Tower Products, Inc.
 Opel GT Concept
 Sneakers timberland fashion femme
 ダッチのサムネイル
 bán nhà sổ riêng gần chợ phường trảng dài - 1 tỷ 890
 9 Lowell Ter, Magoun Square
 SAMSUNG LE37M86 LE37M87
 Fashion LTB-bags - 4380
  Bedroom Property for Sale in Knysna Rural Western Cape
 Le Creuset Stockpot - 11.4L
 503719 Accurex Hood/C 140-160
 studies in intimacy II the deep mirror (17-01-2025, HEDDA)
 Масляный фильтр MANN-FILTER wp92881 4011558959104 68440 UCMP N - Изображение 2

▸ Assignment: Give back exactly the lines running from the line containing "Bedroom Property for" through the end of the material above, both included, and nothing beyond them.

▸ Task solution:
  Bedroom Property for Sale in Knysna Rural Western Cape
 Le Creuset Stockpot - 11.4L
 503719 Accurex Hood/C 140-160
 studies in intimacy II the deep mirror (17-01-2025, HEDDA)
 Масляный фильтр MANN-FILTER wp92881 4011558959104 68440 UCMP N - Изображение 2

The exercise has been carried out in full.